**Information provided**.
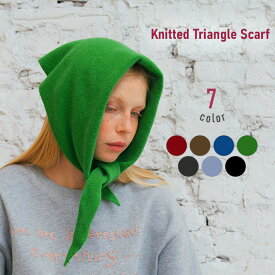 ＼本日店内EVENT／ 送料無料 選べる7カラー無地ニットトライアングルスカーフ レディース トライアングルスカーフ 三角スカーフ スカーフ ストール マフラー ニット ウール ニットスカーフ 三角 薄手 秋冬 バブーシュカ バンダナ ショール メール便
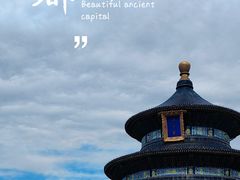 -天坛公园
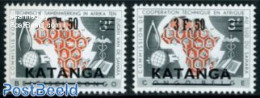 Congo (Kinshasa) 1961 Katanga, Overprints 2v, Mint NH - Other & Unclassified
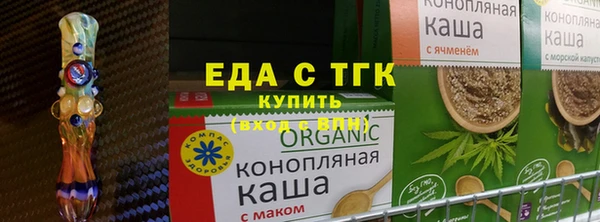 метадон Белоозёрский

**Exercise description**.
All of the material should be reproduced exactly, apart from the pictures.

**Task answer**.
 ＼本日店内EVENT／ 送料無料 選べる7カラー無地ニットトライアングルスカーフ レディース トライアングルスカーフ 三角スカーフ スカーフ ストール マフラー ニット ウール ニットスカーフ 三角 薄手 秋冬 バブーシュカ バンダナ ショール メール便
 -天坛公园
 Congo (Kinshasa) 1961 Katanga, Overprints 2v, Mint NH - Other & Unclassified
 метадон Белоозёрский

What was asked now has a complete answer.